(EXTRACTED DATA)

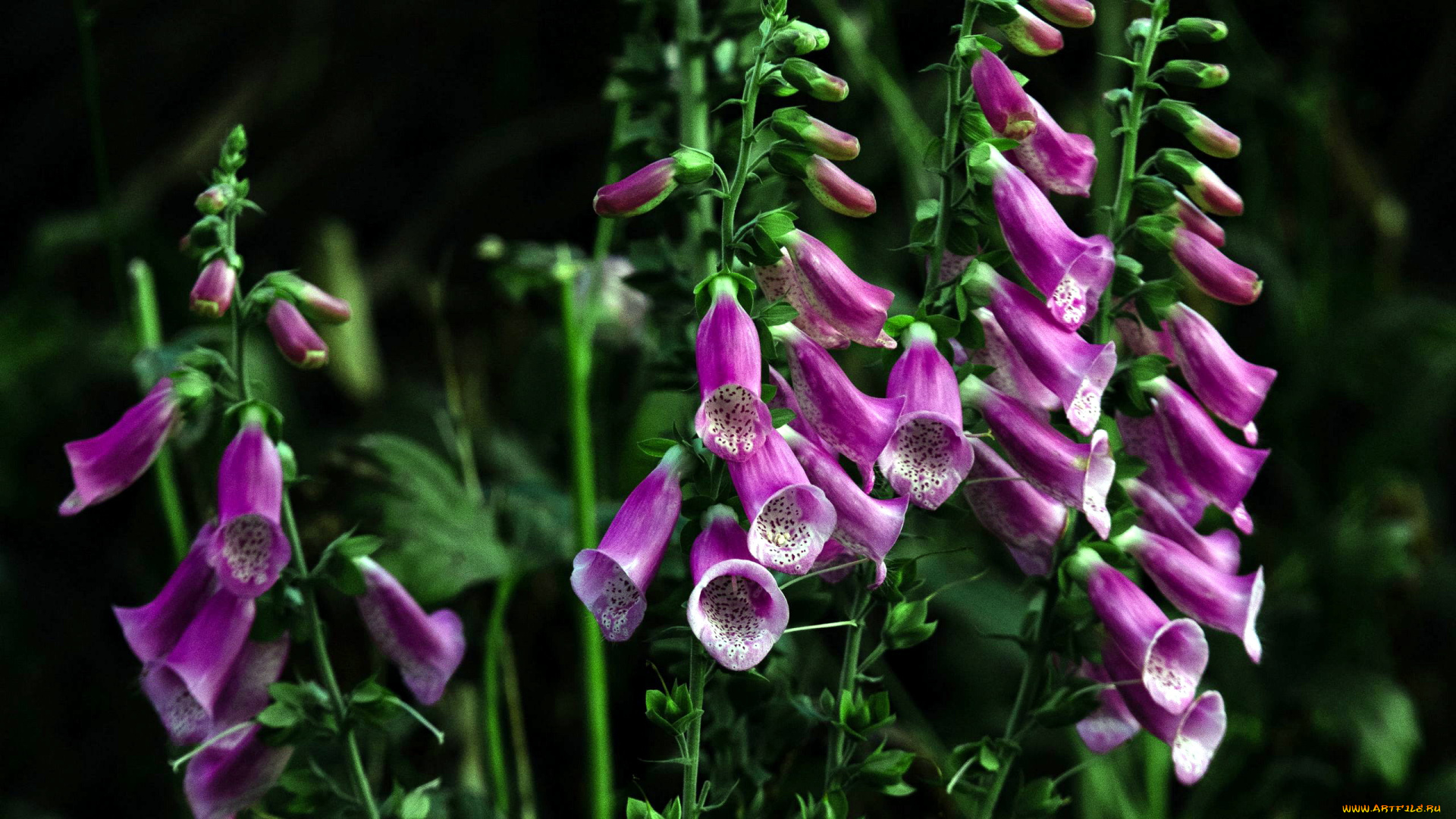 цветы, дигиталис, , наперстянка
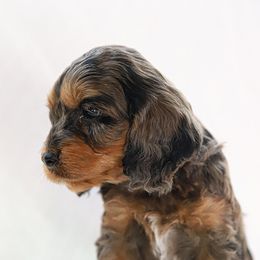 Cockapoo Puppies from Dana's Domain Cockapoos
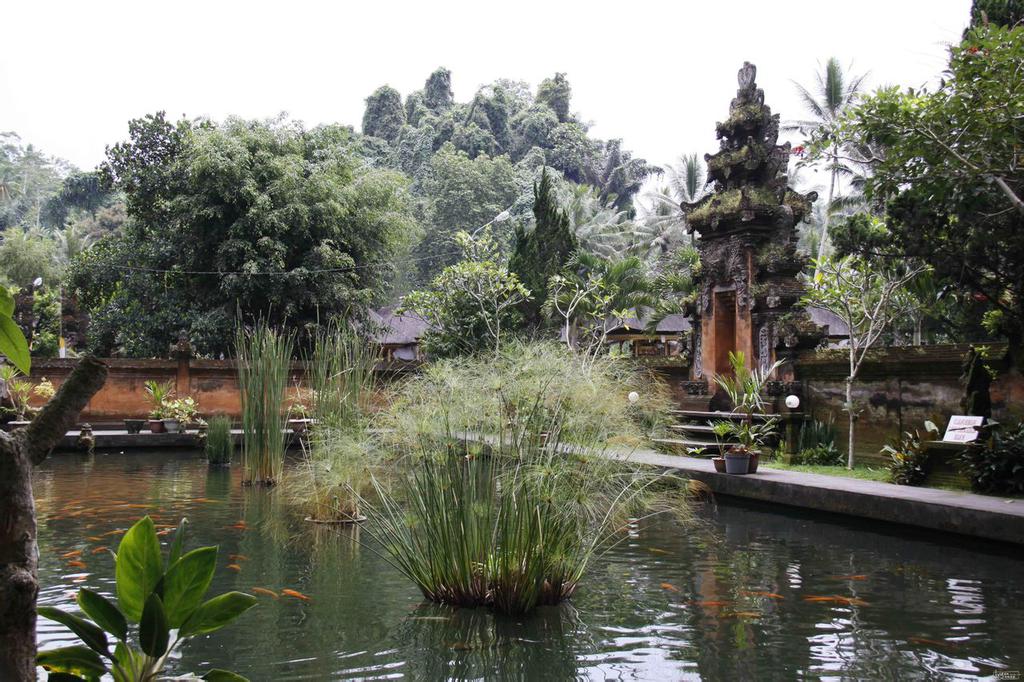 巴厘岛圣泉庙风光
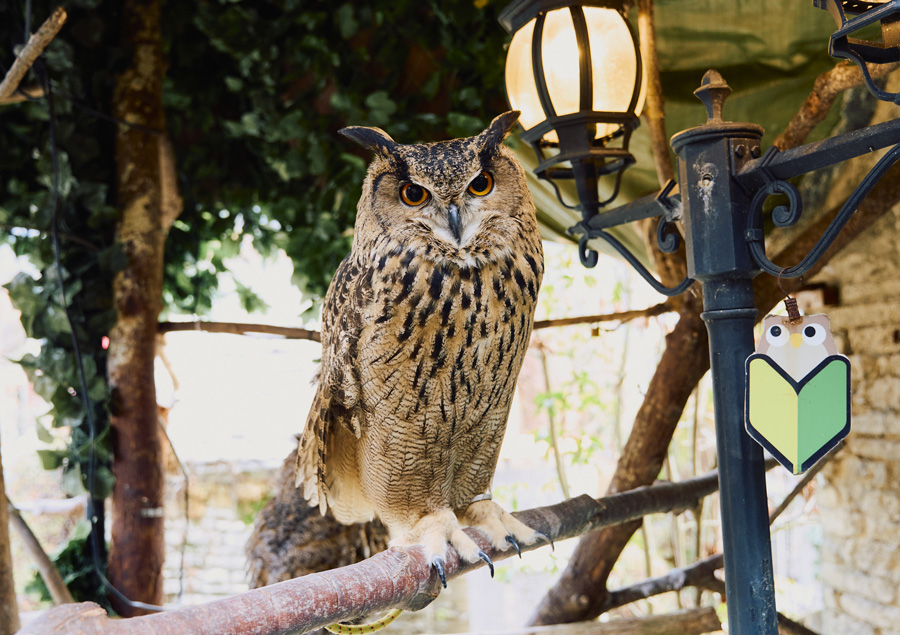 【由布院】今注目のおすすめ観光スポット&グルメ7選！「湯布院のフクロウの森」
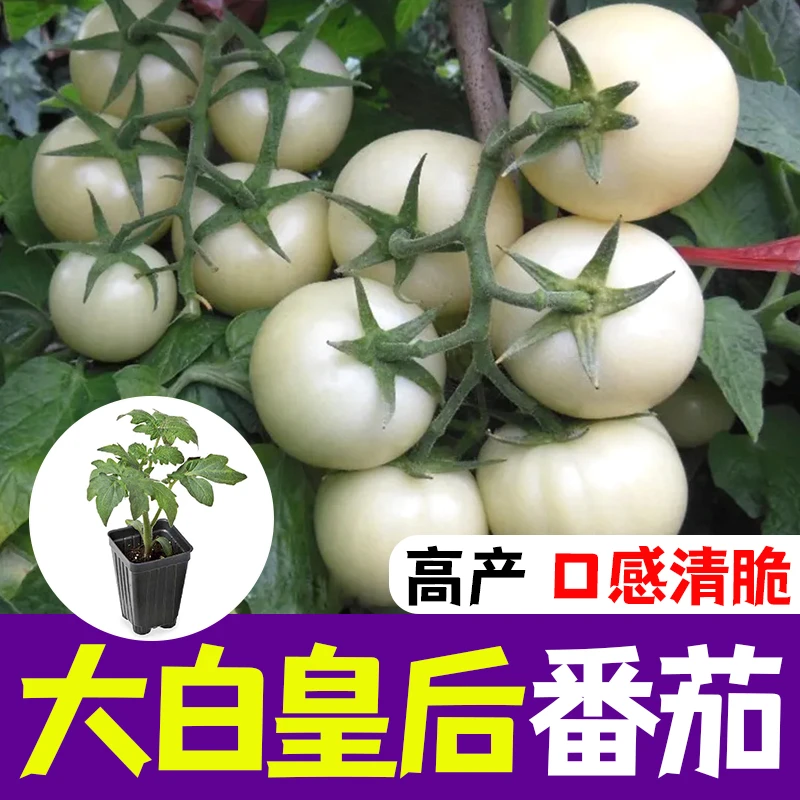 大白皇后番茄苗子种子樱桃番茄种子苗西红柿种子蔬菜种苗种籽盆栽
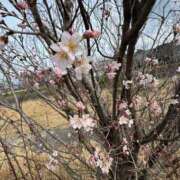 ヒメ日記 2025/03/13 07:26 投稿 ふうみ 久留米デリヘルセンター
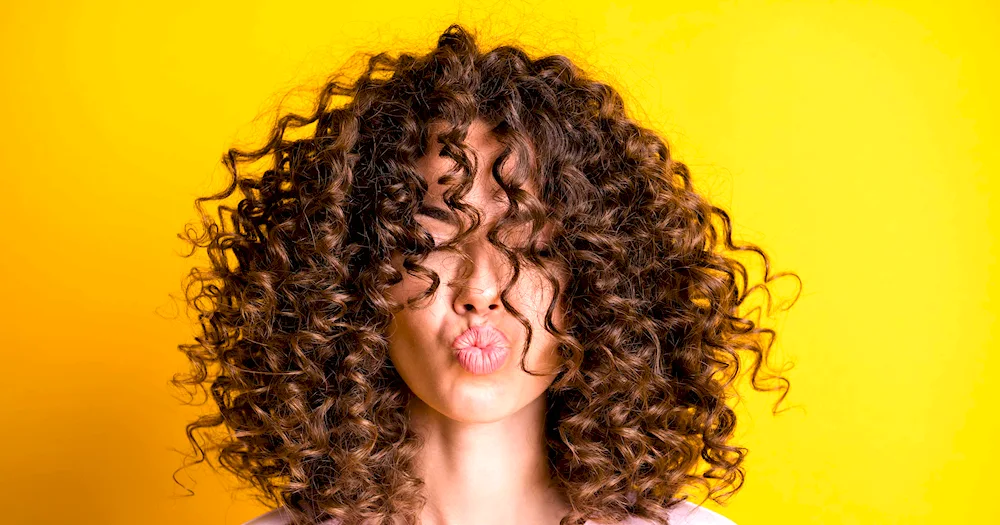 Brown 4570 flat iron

(End EXTRACTED DATA)
(EXTRACTED DATA)

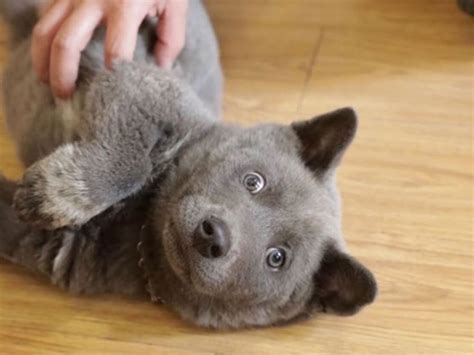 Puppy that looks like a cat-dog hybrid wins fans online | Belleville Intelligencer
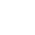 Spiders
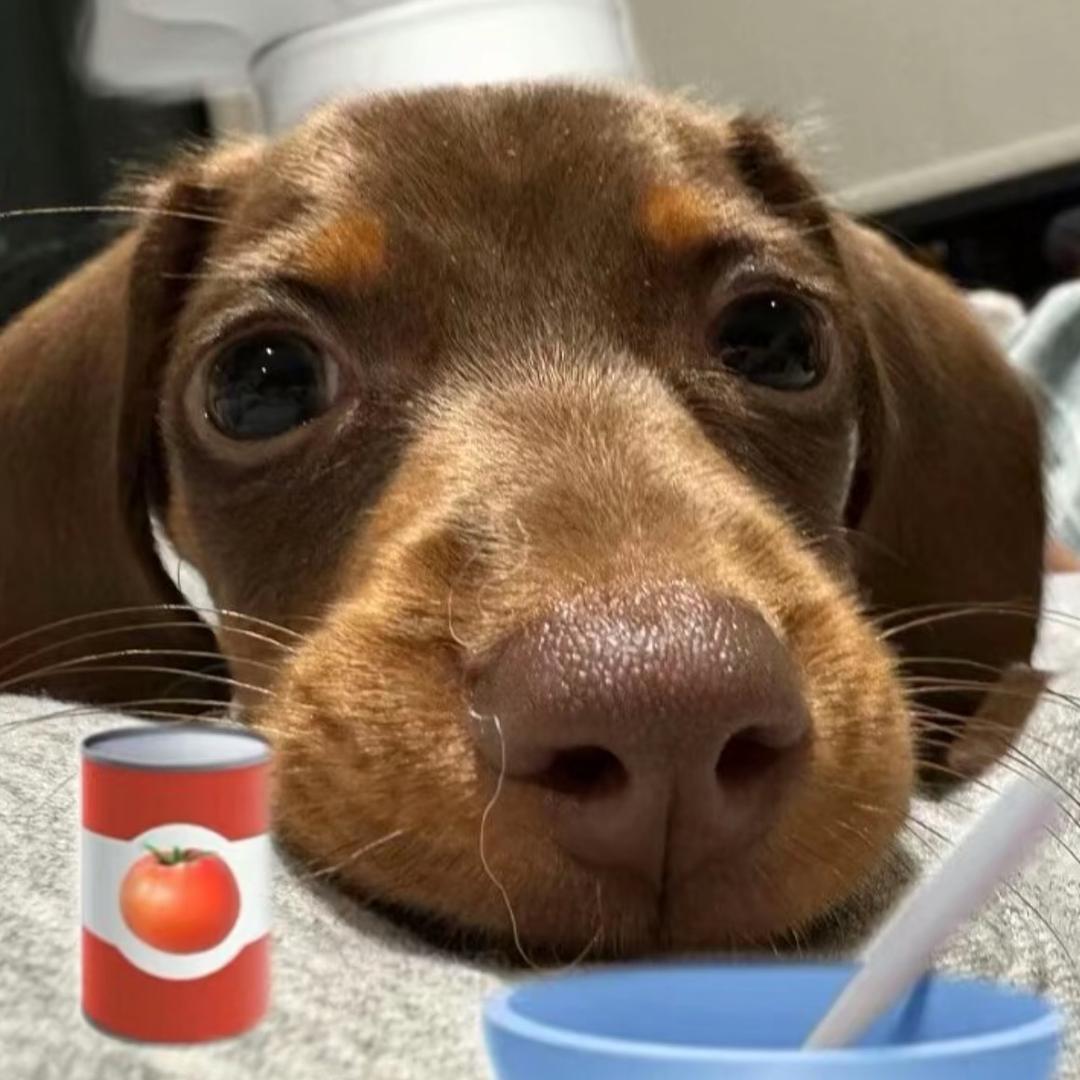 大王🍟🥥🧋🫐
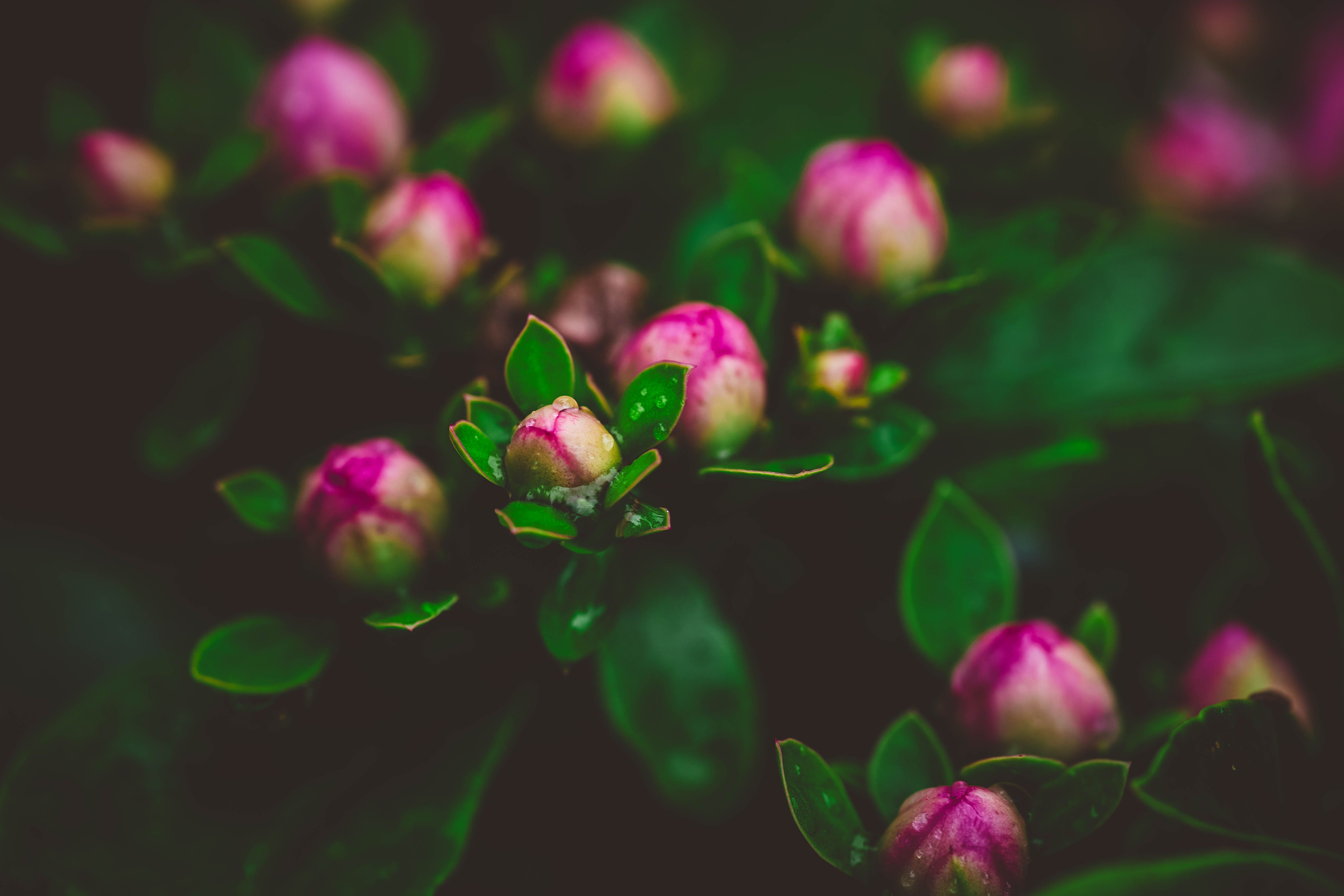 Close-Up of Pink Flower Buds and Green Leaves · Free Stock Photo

(End EXTRACTED DATA)
(EXTRACTED DATA)

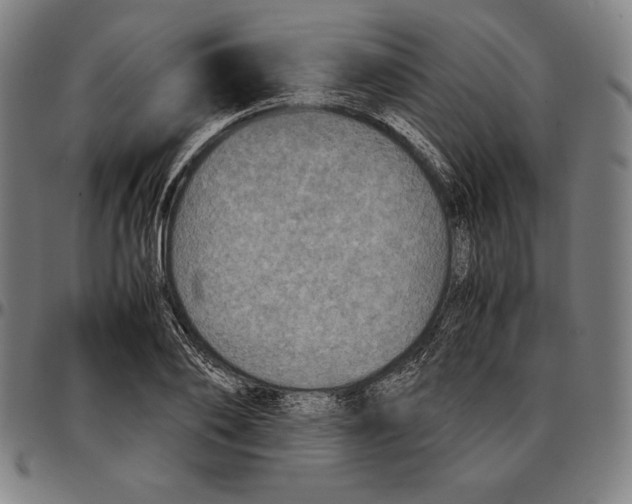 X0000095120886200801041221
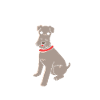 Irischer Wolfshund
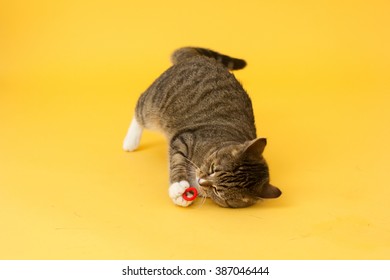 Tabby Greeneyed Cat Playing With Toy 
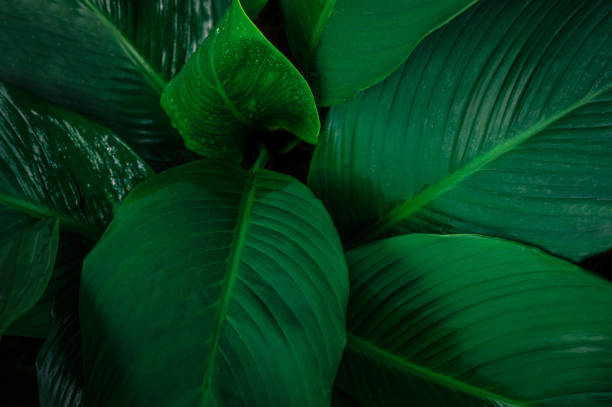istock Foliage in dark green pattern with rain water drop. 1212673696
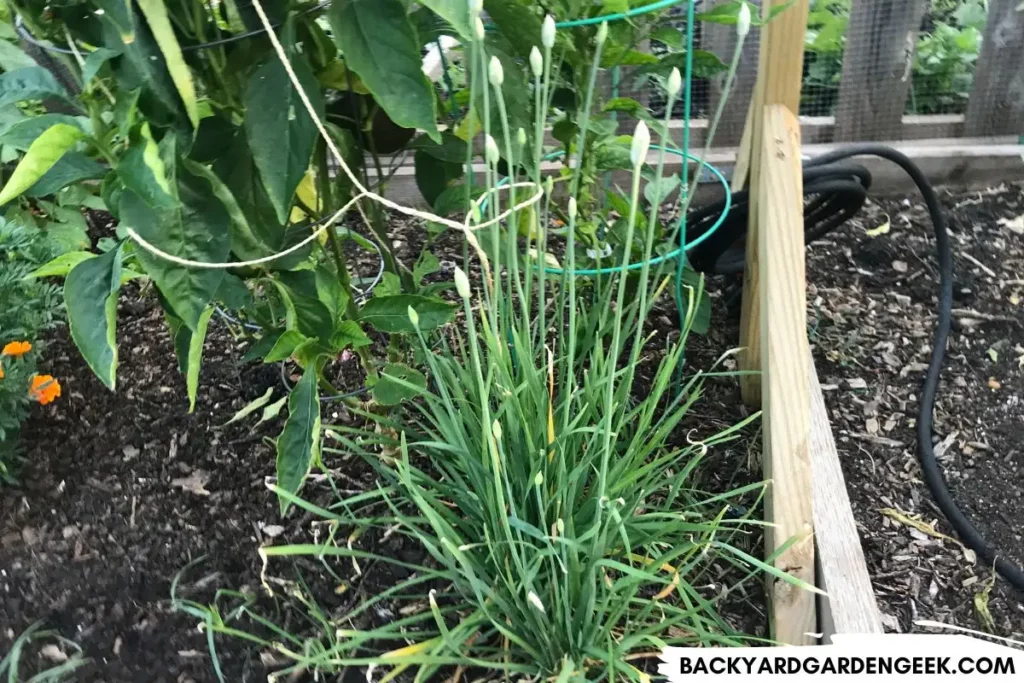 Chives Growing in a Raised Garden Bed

(End EXTRACTED DATA)

WHAT YOU SHOULD DO:
Please set down, exactly and with no pictures, the lines in the entries above starting at the one holding "大白皇后番茄苗子种子樱桃番茄种子苗西红柿种子蔬菜种苗种籽盆栽" and ending at the one holding "Brown 4570 flat iron", ends included.

EXERCISE ANSWER:
 大白皇后番茄苗子种子樱桃番茄种子苗西红柿种子蔬菜种苗种籽盆栽
 ヒメ日記 2025/03/13 07:26 投稿 ふうみ 久留米デリヘルセンター
 Brown 4570 flat iron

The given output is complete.